After revocation or cancellation, your data will be deleted, provided that there are no statutory retention obligations to the contrary and no further communication or business relationship exists.

Recipients

For the administration of the newsroom and the communication processes, IT, hosting and communication service providers used by us may have access to the data. Insofar as they act as processors, this is done on the basis of Art. 28 GDPR.

§ 22 Intra-Group Data Transfers

Within the Messer Group, personal data may be transmitted to other companies of the Messer Group to the extent necessary for internal administrative purposes, IT support, compliance purposes, legal advice or the processing of enquiries.

Legal basis

Art. 6 para. 1 lit. f GDPR.

Legitimate interest

Efficient and secure group-wide organization and administration.

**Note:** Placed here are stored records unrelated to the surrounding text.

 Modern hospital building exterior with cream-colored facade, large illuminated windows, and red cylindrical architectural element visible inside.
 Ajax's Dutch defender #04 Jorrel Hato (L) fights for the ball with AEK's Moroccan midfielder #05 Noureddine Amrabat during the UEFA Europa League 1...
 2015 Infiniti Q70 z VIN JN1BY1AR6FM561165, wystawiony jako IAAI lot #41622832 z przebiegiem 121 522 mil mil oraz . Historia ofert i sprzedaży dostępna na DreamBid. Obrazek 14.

§ 23 International Data Transfers

When using individual services, personal data may be transferred to countries outside the European Economic Area.

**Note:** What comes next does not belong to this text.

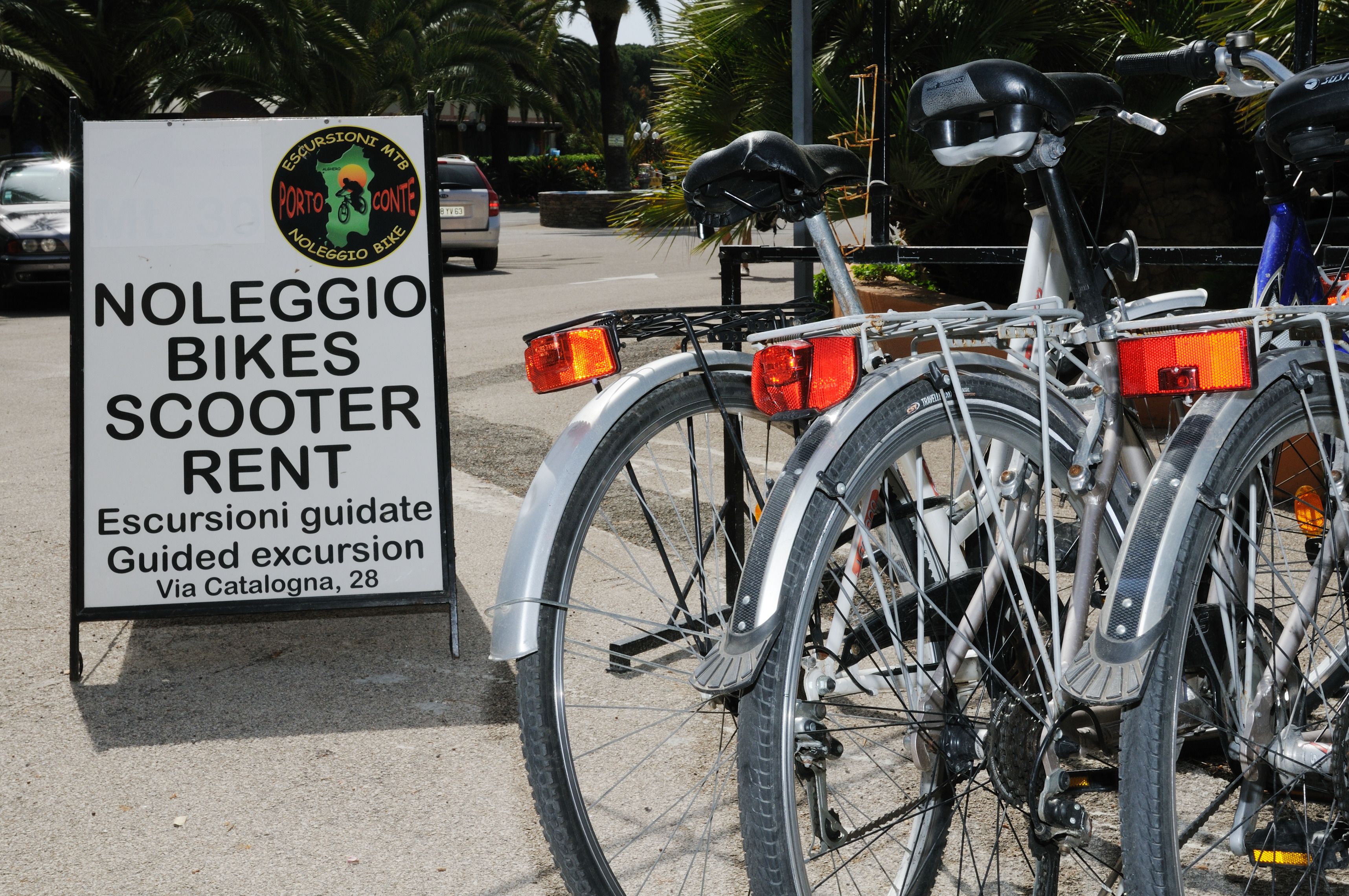 Señal de Noleggio Bikes & Scooter Rent, con una bicicleta estacionada cerca.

This applies in particular:

•    HubSpot (US)
•    Google (USA)
•    LinkedIn (USA)
•    Cloudflare (US)

The transfer will be carried out exclusively in compliance with Art. 44 et seq. GDPR.

In particular, the following guarantees are used for this purpose:

•    EU-U.S. Data Privacy Framework
•    EU Standard Contractual Clauses
•    Other suitable safeguards in accordance with the GDPR

Information on the guarantees used can be provided on request.

§ 24 Right of appeal

You have the right to complain to a data protection supervisory authority about the processing of your personal data.

§ 25 Changes to this data protection notice

We reserve the right to amend this data protection notice if this becomes necessary due to legal, technical or organisational changes.

The current version is available on our website.